File spoon-archives/marxism.archive/marxism_1996/96-02-marxism/96-02-11.000, message 40


Date: Sun, 4 Feb 1996 11:13:04 -0500
From: LeoCasey-AT-aol.com
Subject: The Question of Violence and the Poverty of Libertarianism


Brian --

May I begin by suggesting that you take the time and effort to figure out
where the different folks on this list are coming from before you jump with
all of your assumptions? It might improve your reception here, and might lead
the rest of the list to engage you in a respectful way, rather than as a rude
intruder who has decided that he is going to show all those "Marxists" how
ignorant they are, and there is no reason to pay attentioon to their actual
conversations. For starters, you might have discovered that I do not consider
myself a Marxist, but rather politically a radical democrat and theoretically
a post-Marxist, that is, someone who has an immanent critique of Marxism.

Now to your points:
>Clearly this is wrong. In fact technological improvements in
>armaments has led to citizens having a much greater ability
>to combat the state, IF citizens were allowed access to such
>weaponry, which they currently are not.
Maybe you might want to visit the streets in which I live and work, where
assault weapons are a dime a dozen, and terrorize every decent person who has
no escape. Even in classical liberal theory such as Hobbes and Locke, the
state has the minimal function of  protecting the life and safety of the
citizens. And what meets the condition for the Hobbesian state of nature, a
war of all against all in which no one's life is secure, if not communities
in such a state of seige? Why do I think that this libertarianism is
developed at great length from the inner city?

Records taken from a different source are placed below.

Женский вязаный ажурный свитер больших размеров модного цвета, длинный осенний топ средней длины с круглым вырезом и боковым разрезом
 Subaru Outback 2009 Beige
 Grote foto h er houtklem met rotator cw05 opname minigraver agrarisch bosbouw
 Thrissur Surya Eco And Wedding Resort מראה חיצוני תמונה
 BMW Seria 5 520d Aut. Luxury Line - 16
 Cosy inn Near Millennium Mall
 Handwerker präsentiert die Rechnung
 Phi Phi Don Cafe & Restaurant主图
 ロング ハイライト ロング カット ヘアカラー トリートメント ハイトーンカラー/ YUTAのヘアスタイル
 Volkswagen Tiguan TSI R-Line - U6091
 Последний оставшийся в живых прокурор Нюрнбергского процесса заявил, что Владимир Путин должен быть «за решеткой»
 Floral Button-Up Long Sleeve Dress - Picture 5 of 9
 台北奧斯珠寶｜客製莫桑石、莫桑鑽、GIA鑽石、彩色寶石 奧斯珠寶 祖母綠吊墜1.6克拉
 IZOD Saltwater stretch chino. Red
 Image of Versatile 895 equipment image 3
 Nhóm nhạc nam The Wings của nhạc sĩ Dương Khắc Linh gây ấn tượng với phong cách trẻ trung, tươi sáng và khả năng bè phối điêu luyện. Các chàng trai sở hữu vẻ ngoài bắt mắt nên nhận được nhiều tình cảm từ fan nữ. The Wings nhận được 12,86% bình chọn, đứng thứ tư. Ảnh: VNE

>The proper balance being that individual rights should
>never be sacrificed for the common good.  We've seen
>where that has gotten us in this century.
Which is to say that you recognize no claims of the common good, since there
is no balance and every claim of individual rights must take precedence over
the common good. Such as the right to bear a gun over the need to establish
the basics of community life, or property rights to do what wants with one's
property, regardless of the destruction to the environment caused by
pollution and the exploitation of working people. I don't understand why you
are on this list, because I don't see any basis for conversation. Modern
democratic political theory is based on the balance between individual rights
and the common good, between liberty and equality. The danger in Marxism has
been to promote the common good at the expense of individual rights, equality
at the expense of liberty. It is hardly the place for someone who would
eliminate, by fiat, the common good and equality. 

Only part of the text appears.